Eh bien les rues sans asphalte, elles, deviennent des patinoires et gare aux petits vieux, aux lunettes [« Made in China »], de vues usées, qui se hasardent dehors. Ils se retrouvent immobilisés dans un lit d’hôpital, le pied fourré dans un plâtre et suspendu à une barre d’acier. La bouteille de perfusion, elle, goutte tranquillement. Le liquide suinte fièrement pour réalimenter un corps rachitique. Là une infirmière ne cessera de répéter à l’oreille dure du malade : « Grand-père, ne marchez jamais après la pluie sous nos cieux. C’est un sale temps à impérativement éviter pour votre âge. » Toutes ces paroles sont prononcées sur un ton de pitié à rendre le petit fils, assis sur la couverture rouge, taciturne.
Les sachets accrochés aux arbres de nos allées déversent sur nous leur eau fraîche, comme une vieille pisse de chauve-souris. C’est toujours en sursautant qu’on bouscule, involontairement, un passant. La discussion s’ouvre à frôler la dispute voire la bagarre. Dès lors, tout boubou blanc se met à douter de sa vraie couleur en fin de journée.
Nous sommes en ville et dans tout ce qu’elle a de « vil » (?)
Toutes les carcasses tombent en panne au milieu de la chaussée pour cause de noyades de bougies. Makhalla, elles sont de seconde ou de quadruple main ! Celles qui roulent, laissent s’échapper une fumée noire suffocante à cause du dégré d’humidité. Et les policiers [es salauds, ce n’est pas l’auteur qui qualifie, c’est l’opinion générale qui classe] s’en frottent les mains, car personne n’a le temps d’aller devant l’ordre et la discipline toujours absents de l’espace public.
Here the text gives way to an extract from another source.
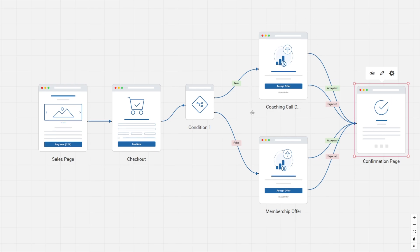Now when we return to canvas mode, things are starting to look better. Sales page to checkout — did they take the bump? Yes: we offer them a coaching call, and whether they take it or not they go to the confirmation page. If they didn't take our order bump, we offer them the membership more persuasively, and then we also send them to the confirmation page. Very simple funnel. We could have added downsells, more upsells, or custom confirmation pages, but for the purpose of getting started I wanted to show you how quick and easy it is to create a simple funnel, visualize it, and implement it using CartFlows.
Les poubelles des coins de rues remplies de grosses mouches noires laissent déborder des épluchures de mangues, de bananes, des blocs entiers d’al aïch, une carcasse de tête de mouton avec quelques poils noirs et blancs, une fine tête de yabooy, un kaagni rouge, un khoulougné entier avec un peu de riz à la sauce tomate parsemé de mégots de l’antique Camélia. Et tout ce tas, se retrouve au bord d’une flaque d’eau à la surface de laquelle flotte une épaisse couche de diwliin. On n’a qu’une seule envie : dégueuler comme une jeune femme enceinte d’à peine un mois. Je présume que c’est là l’une des figures les plus sales auxquelles conduit l’étouffement.
La philosophie du mbookho est concentrée dans cette image d’immondices que seule la pluie a le secret de photographier pour nous. Regardez le tableau social ainsi décrit et vous verrez qu’au-delà de l’allure « littéraire », il figure la tristesse et dépeint subtilement notre inconséquence en ville.
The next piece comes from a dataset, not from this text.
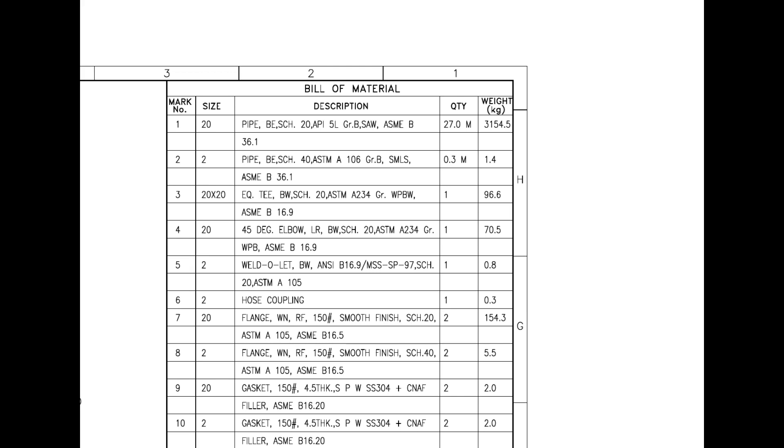Mark number 2 is 2-inch DIA, bevel ended seamless pipe. SMLS stands for seamless. Mark number 3 is an equal T, and BW stands for butt weld.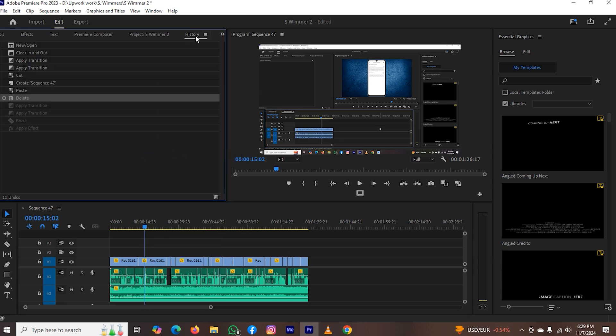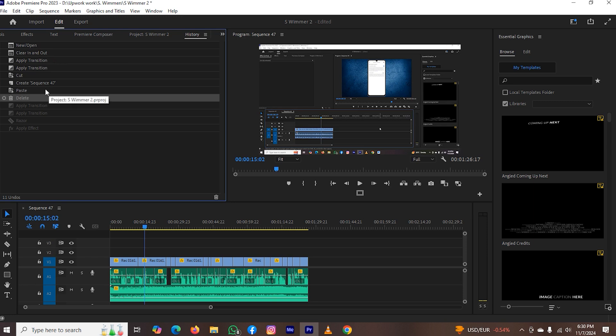Now you can see the history feature has been enabled and below you will see everything. Like opening a project and applying clear in and out feature. I also applied some transitions in this video and did a few more things. So by using this method, you can see your project history in Adobe and it was the way by which you can do it easily.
Finalement, j’ai envie de dire que chez nous, la pluie n’a de sens que sur un champ qui féconde le doux et fermentant niébé que tous mes cousins, hautains de leur liberté, sèment et récoltent à tout vent, leur vie durant.
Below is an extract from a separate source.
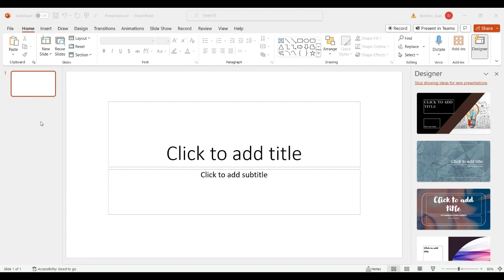The next step is to add a new slide to your presentation. You can click on the Insert tab and insert a new slide, or you can click the right mouse button and select the kind of slide that you want. It's completely customizable.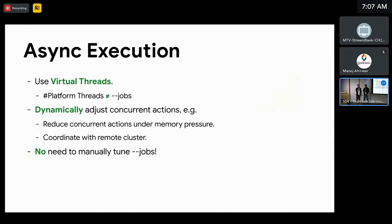On top of that, we want Bazel to be able to dynamically adjust the number of concurrent actions. For example, Bazel could schedule fewer concurrent actions if it is under memory pressure to avoid OOM, or schedule more actions if it finds out that the remote cluster has more cores available. Hopefully, we can remove the need to manually tune the jobs flag — Bazel should be smart enough to utilize as many resources as possible.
PS : Partout, dans les capitales africaines [donc je reste dans l’espace strictement urbain pour rejeter la maxime toubabe], nous vivons sous les eaux et les plus sales d'entre elles. Tout ceci est la conséquence de dysfonctionnements structurels que je dénonce avec ma propre esthétique nak. Littérature ou pas, il s’agit d’un sujet préoccupant pour tous les acteurs.